Start of Records supplied
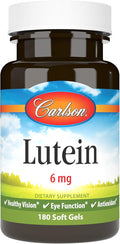 Carlson Lutein 6mg, Vision Support & Eye Health Supplement, Antioxidant Formula with Zeaxanthin, 180 Softgels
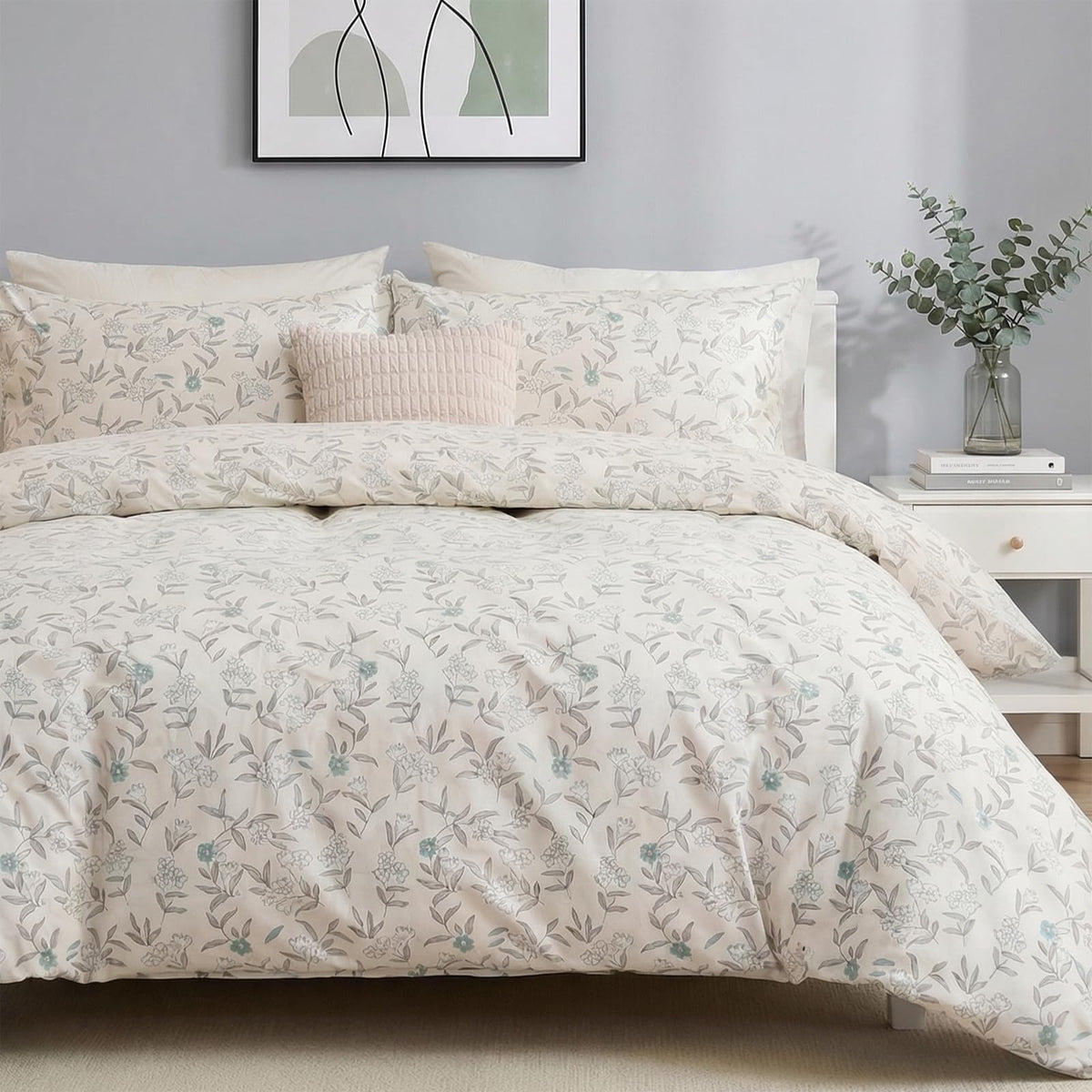 Duvet Cover Queen Size - 100% Cotton Reversible Floral Queen Duvet Cover Set with Zipper Closure, 3 Pieces Soft & Breathable Green Bedding Set for All Seasons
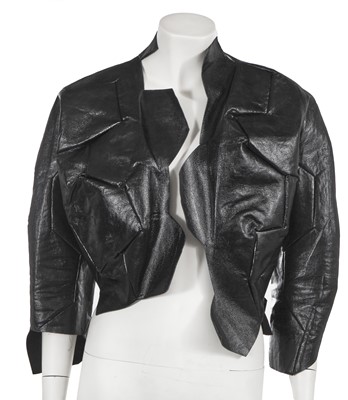 Lot 408 - A Comme des Garçons black synthetic leather 'football' jacket, 'Tomorrow's Black' collection, Spring-Summer 2009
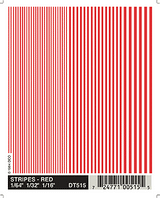 Woodland Scenics 515 Dry Transfer Alphabet & Number Sets -- Stripes - Red 1/64, 1/32 & 1/16" A Scale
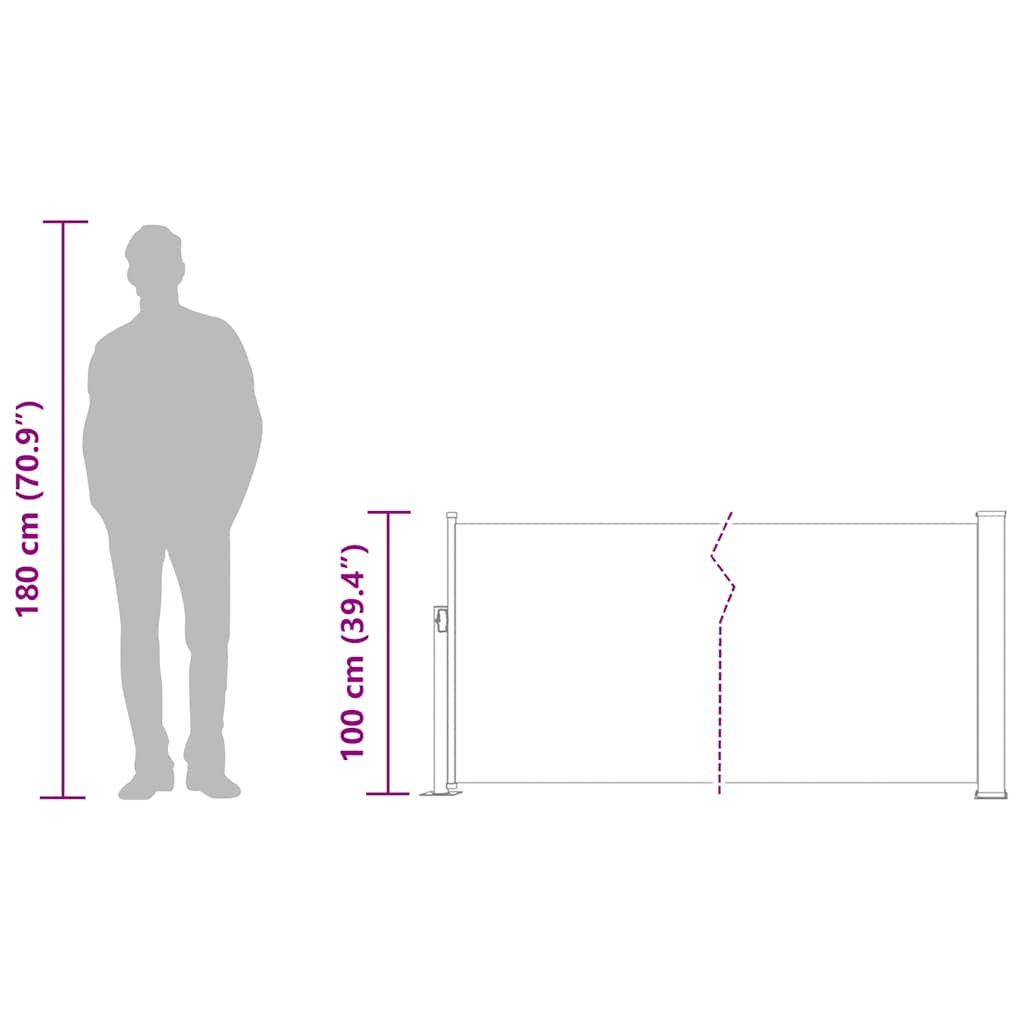 Uvlačiva bočna tenda za terasu 100 x 500 cm smeđa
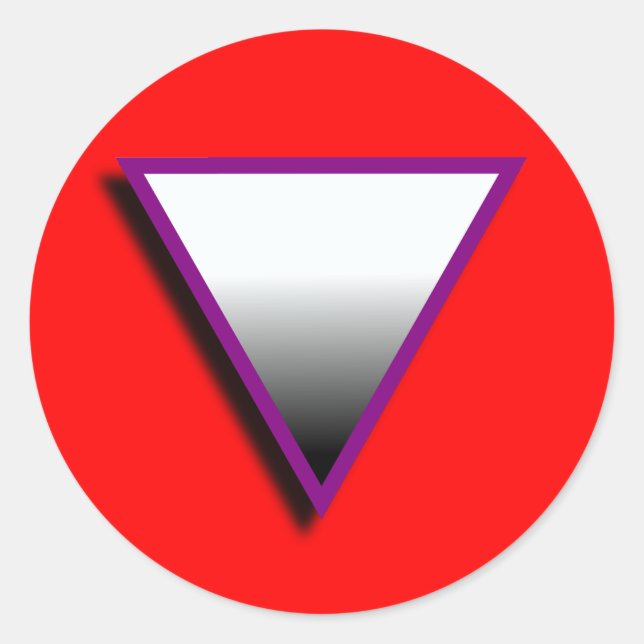 ASEXUAL TRIANGLE SYMBOL 3D CLASSIC ROUND STICKER (Front)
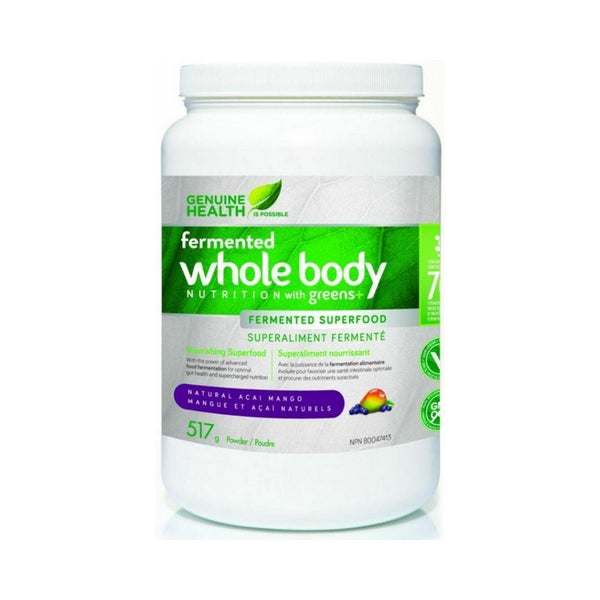 Genuine Health Fermented Whole Body Nutrition with Greens+ (Natural Acai Mango) - 517 g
End of Records supplied
▸ What you have to do: Transcribe the listing exactly, skipping pictures.

▸ Finished exercise:
 Carlson Lutein 6mg, Vision Support & Eye Health Supplement, Antioxidant Formula with Zeaxanthin, 180 Softgels
 Duvet Cover Queen Size - 100% Cotton Reversible Floral Queen Duvet Cover Set with Zipper Closure, 3 Pieces Soft & Breathable Green Bedding Set for All Seasons
 Lot 408 - A Comme des Garçons black synthetic leather 'football' jacket, 'Tomorrow's Black' collection, Spring-Summer 2009
 Woodland Scenics 515 Dry Transfer Alphabet & Number Sets -- Stripes - Red 1/64, 1/32 & 1/16" A Scale
 Uvlačiva bočna tenda za terasu 100 x 500 cm smeđa
 ASEXUAL TRIANGLE SYMBOL 3D CLASSIC ROUND STICKER (Front)
 Genuine Health Fermented Whole Body Nutrition with Greens+ (Natural Acai Mango) - 517 g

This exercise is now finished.